Navin and Lucky rush out the door. It's the middle of the night. He's in his pajamas pounding on everyone's door.

"Wake up! Wake up! You have to get out! The building's on fire!"

Cut to a shot with outside the motel parking lot. A large number of people are outside having exited their rooms, everyone in PJ's looking annoyed. Firefighters mill around but no actual firefighting taking place. No sign of smoke anywhere. Navin, hugging the dog, says, "Thank God for you, Lucky. You saved everyone's lives!"

A motel guest walking by says to him, "Lucky? You call him Lucky? There's no fire. You should call him Shithead."

From that point on until the end of the movie the dog's name is Shithead.

The sooner we accept the fact that our dogs, no matter much we love them, no matter how smart we think they are, will never learn to understand the English language the better off you all will be.
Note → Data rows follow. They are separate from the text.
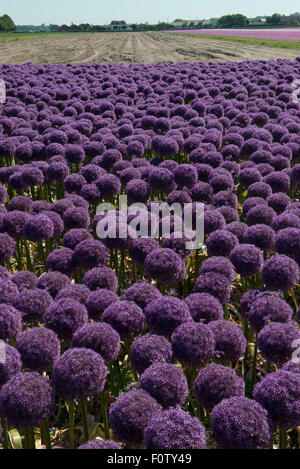 Allium 'Globemaster' croisement entre l'Allium christophii et A. macleanii.pépinière, Egmond aan den Hoef, Pays-Bas Banque D'Images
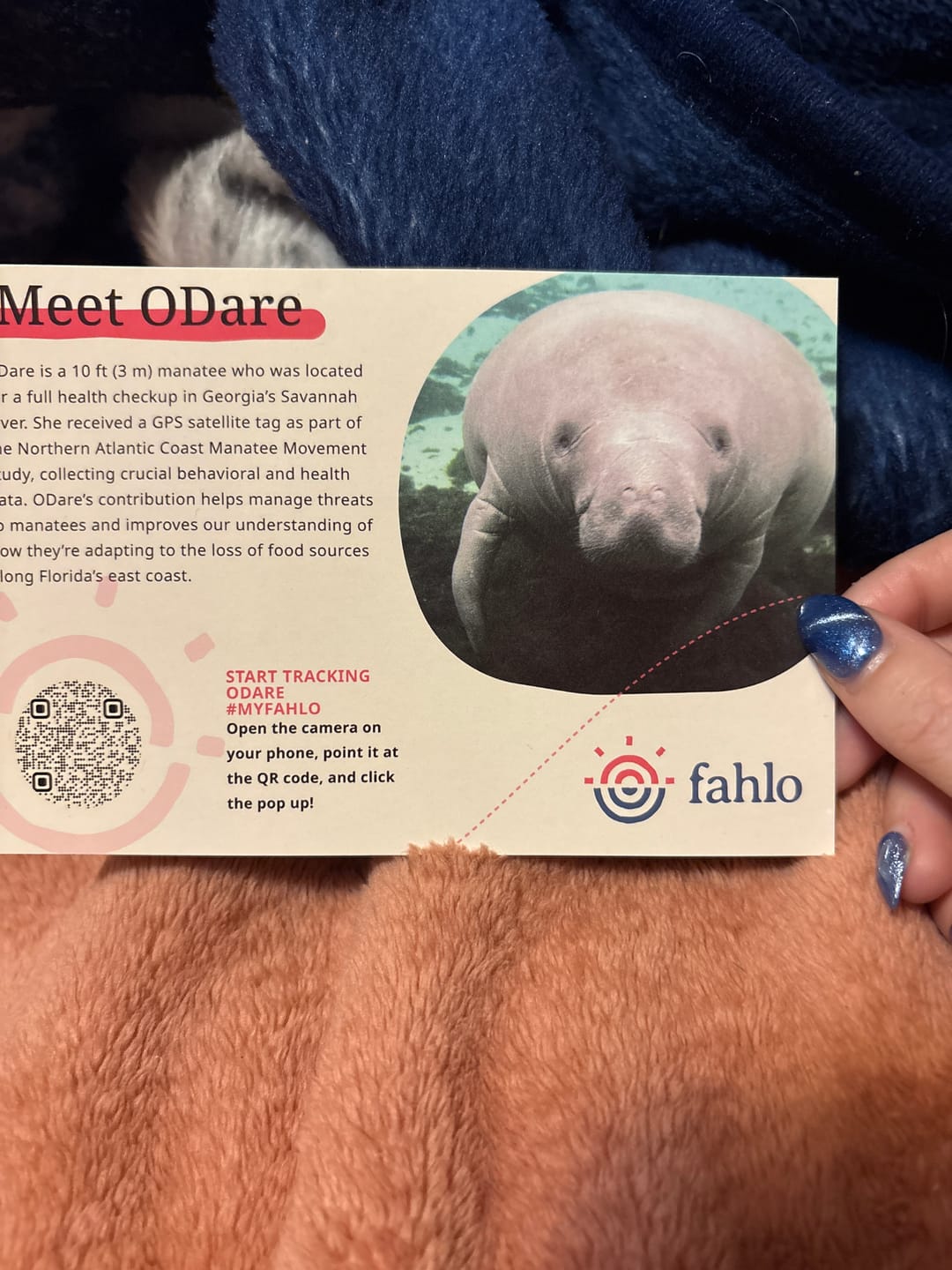 Customer photo review of Fahlo Monthly Club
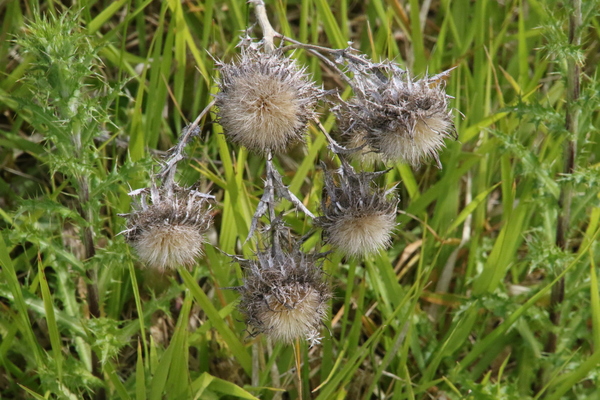 photo of Carline Thistle
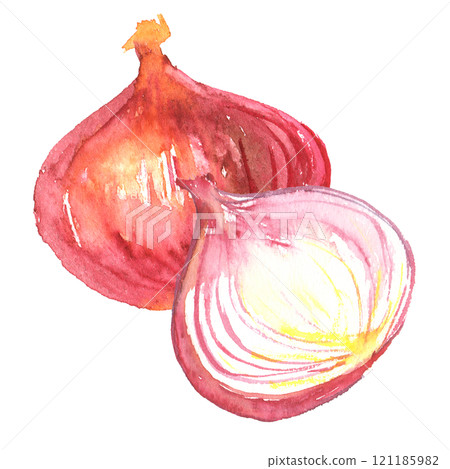 紅洋蔥畫水彩的插圖 121185982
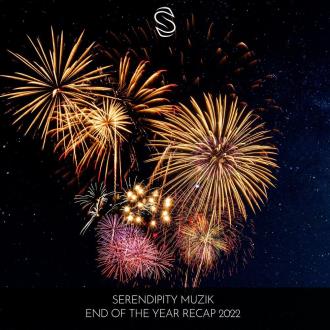 VA - Serendipity Muzik End Of The Year Recap 2022 (2022) MP3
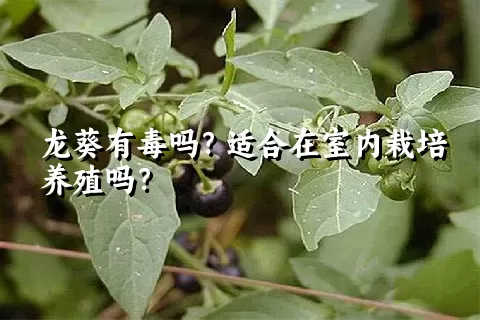 龙葵有毒吗？适合在室内栽培养殖吗？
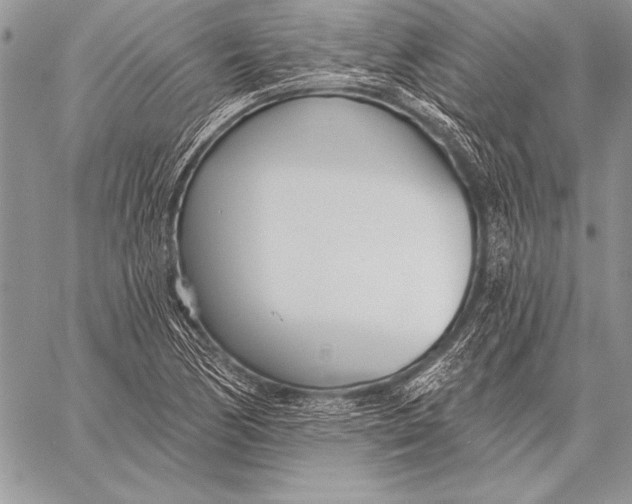 X0000058121170200510171302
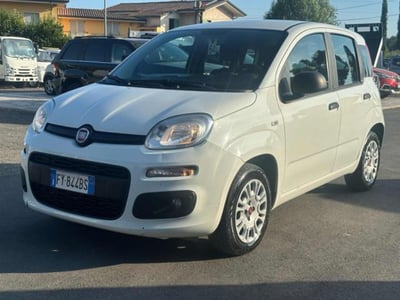 Fiat Panda 1.2 del 2019 usata a Massarosa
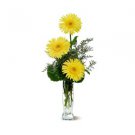 sassy-gerberas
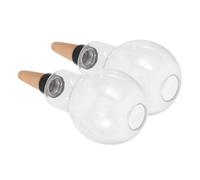 FELTECHELECTR 2pcs Globes D'arrosage Automatiques en Céramique pour Plantes D'intérieur et Succulentes, Système Goutte à Goutte Décoratif, Réduit L'entretien des Plantes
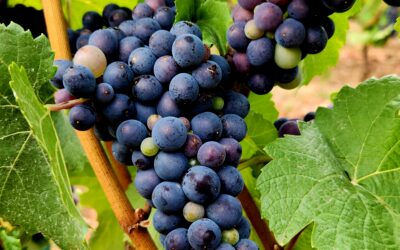 26 Sensational Must-Visit Oregon Wineries in the Willamette Valley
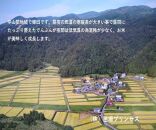 魚沼産コシヒカリ　苗場プリンセス　特別栽培米　農薬化学肥料５割減　精米（5ｋｇ）×1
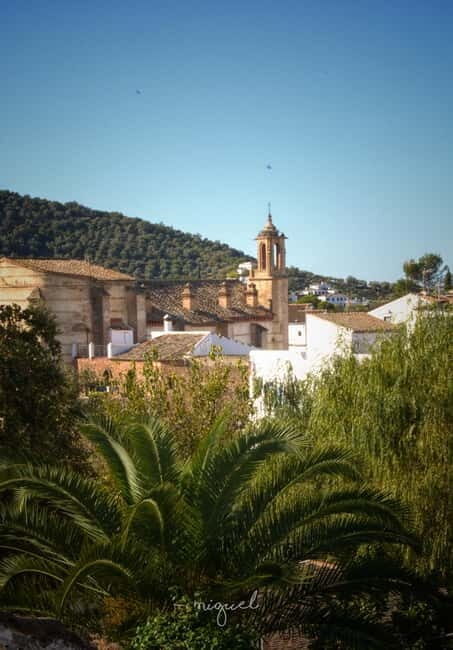 From Seville: Cerro del Hierro Private Hike with Picnic - Walking Through Ecosystems: From Martian to Mediterranean
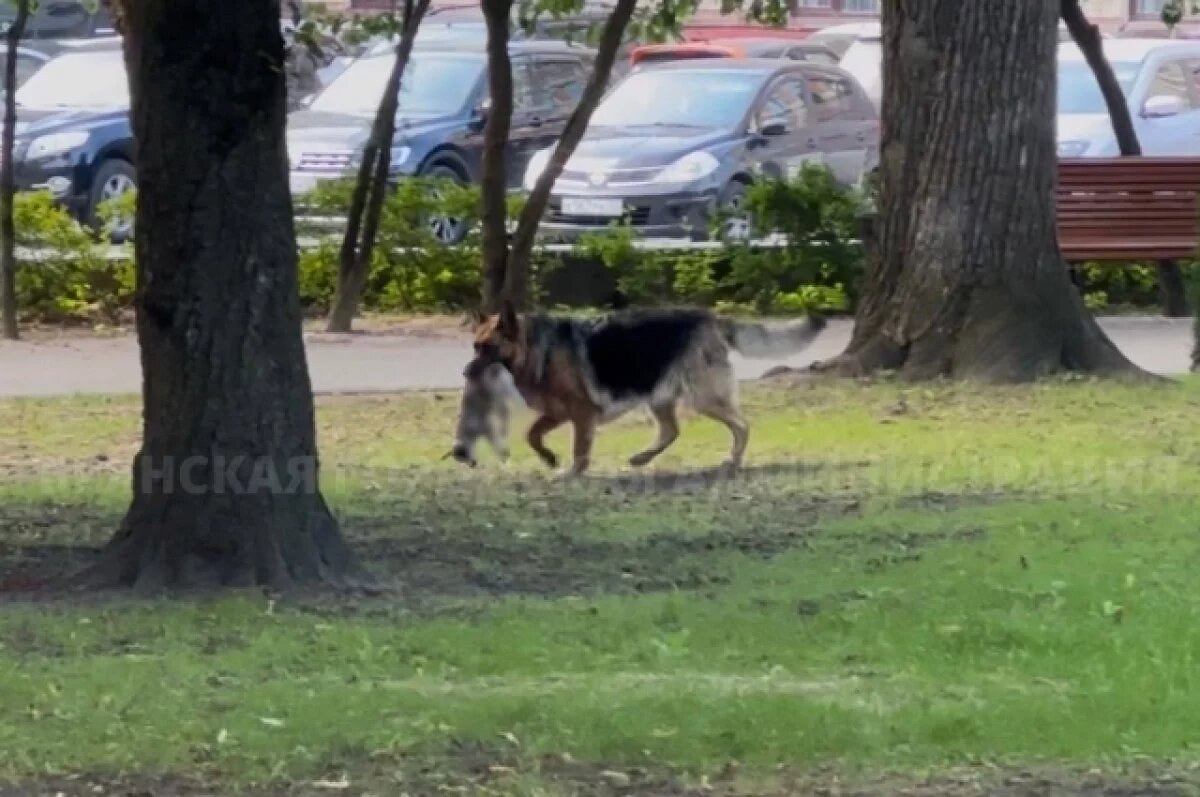    В Брянске поймали овчарку, которая напала на другую собаку и загрызла ее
Dogs live their entire lives never having to speak to each other, yet it is clear that do communicate with one another. How could they, or any animal, survive as a species if not so? Elephants, packs of wolves and hyenas, and primates all live in structured social hierarchies with complex relationships. If they weren't able to communicate with one another to maintain structure there would be anarchy. How do they do it? Body language.

Because we humans rely on words we have come less attuned to body language, but it's not like we have completely lost the ability to do so. For example, if we see someone walking towards us dragging their feet, shoulders slumped, with a deflated look on their face, you'd be able to tell that they were feeling sad, wouldn't you?

Dogs are pack animals. Every dog pack has a leader. Dogs brains are hardwired to think in terms of packs, pack structure, and pack leaders. A dog's owner and the owner's family are all a part of the dog's pack in it's own mind. The dog looks for someone to step up and assume the role as pack leader. If no one demonstrates the leadership behavior that it expects and needs, the dog itself will assert itself as the leader. This manifests itself in the form of behaviors such as excessive barking or nipping, peeing all over the house, and other "bad dog" mannerisms.

What a good dog owner must do is establish and maintain the position of "pack leader". That is what Cesar's book is all about.

I've begun practicing some the things I've just learned from Cesar. For example, when Charlie and Zoe are playing a little too rough, instead of yelling, "Hey, cut it out, you two!", I mentally achieve a "calm-assertive" state, physically separate them with a firm but gentle hand, and look at each of them saying, "Cut it out", in my mind, but never verbalizing it. I try to express it with a look and with body language. And believe it or not, they actually seem to get it!

With continued practice I believe I will be able to master it.